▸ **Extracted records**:
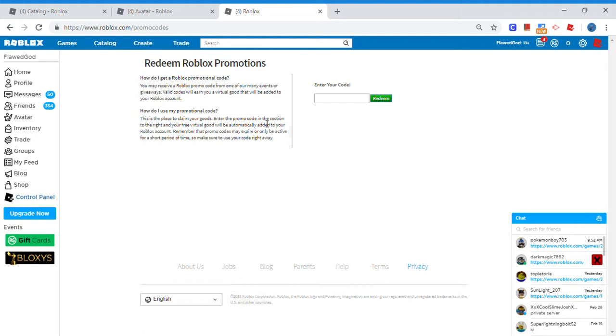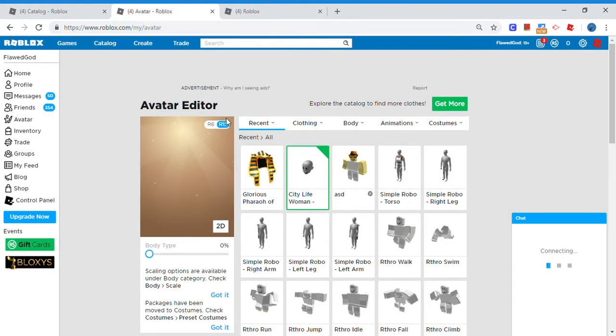What's up YouTube, welcome back to another video. Today there is a new Roblox promo code that you guys can redeem in 2019. Now I already redeemed the code, so I'm gonna show you what you guys get.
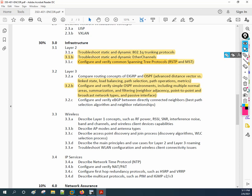Hello everyone, welcome to our YouTube channel Network For You. We welcome you all to our CCNP series 350-401 ENCOR. Today we are going to discuss OSPF states, after that we'll discuss the metric, and then we'll cover the area concept — multiple areas — and after that we are going to do summarization.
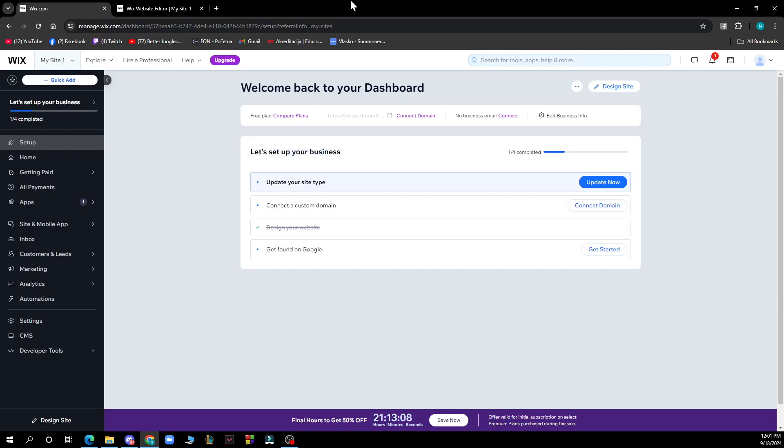Hello and welcome back to this channel. Today I'll be showing you how to change language on Wix. The first thing you need to do is go to Google and type in wix.com. After that, just log into your profile or register to Wix if you haven't already done that.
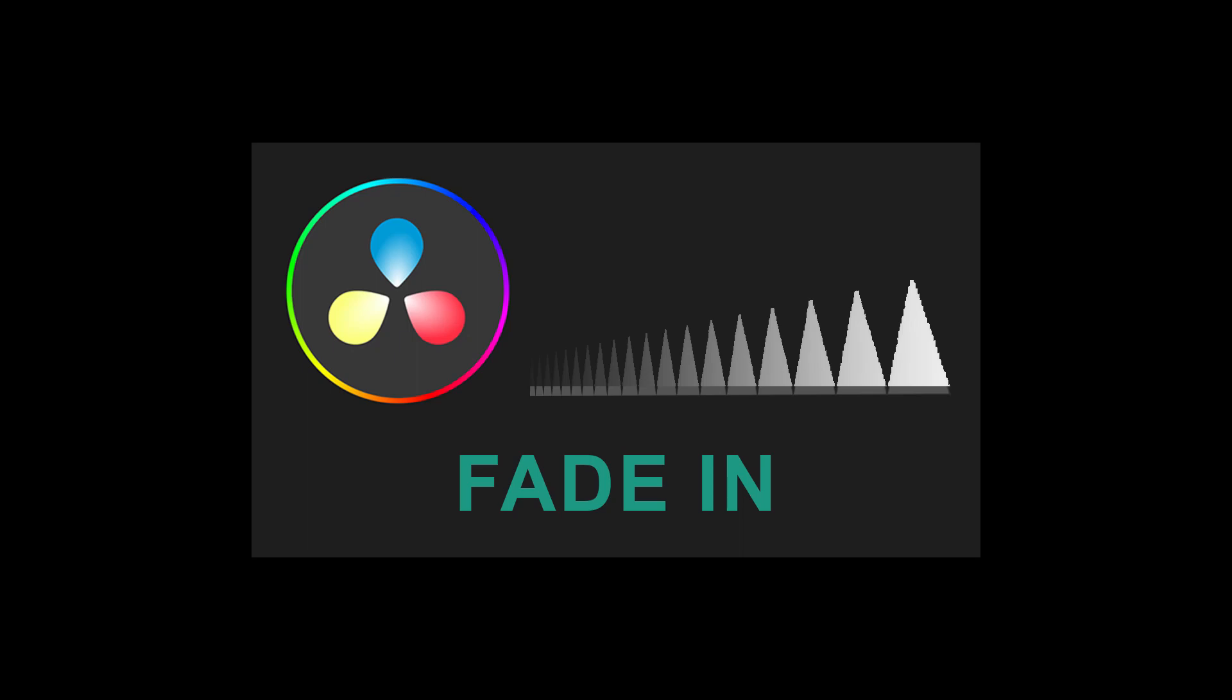Hey guys, in this tutorial, I'm going to show you how to fade in on a video in DaVinci Resolve 18.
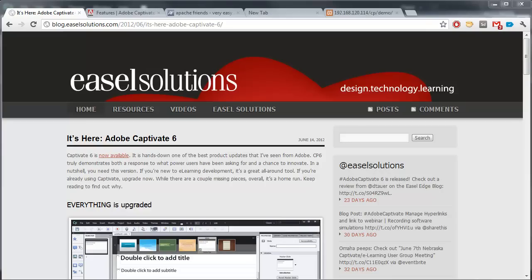Here at Easel Solutions, we are super excited for the new version of Captivate, Adobe Captivate 6. When it was released, I put out a little review on our blog, blog.easelsolutions.com. It went through the top features, what I thought was really important, and what makes it worth an upgrade for a lot of authors out there.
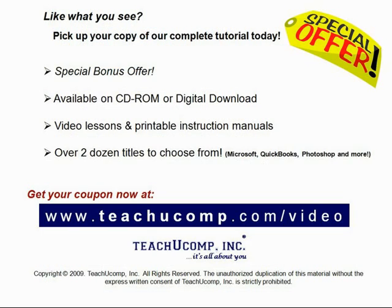Like what you see? Get your special discount offer on the complete tutorial at www.teachucomp.com slash video. Over two dozen titles are available in Microsoft Office, QuickBooks, Photoshop, and much more.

▸ **Problem statement**:
Each line from the top of the records through the one containing "Hey guys, in" needs to be transcribed exactly, without pictures.

▸ **Expected output**:
What's up YouTube, welcome back to another video. Today there is a new Roblox promo code that you guys can redeem in 2019. Now I already redeemed the code, so I'm gonna show you what you guys get.
Hello everyone, welcome to our YouTube channel Network For You. We welcome you all to our CCNP series 350-401 ENCOR. Today we are going to discuss OSPF states, after that we'll discuss the metric, and then we'll cover the area concept — multiple areas — and after that we are going to do summarization.
Hello and welcome back to this channel. Today I'll be showing you how to change language on Wix. The first thing you need to do is go to Google and type in wix.com. After that, just log into your profile or register to Wix if you haven't already done that.
Hey guys, in this tutorial, I'm going to show you how to fade in on a video in DaVinci Resolve 18.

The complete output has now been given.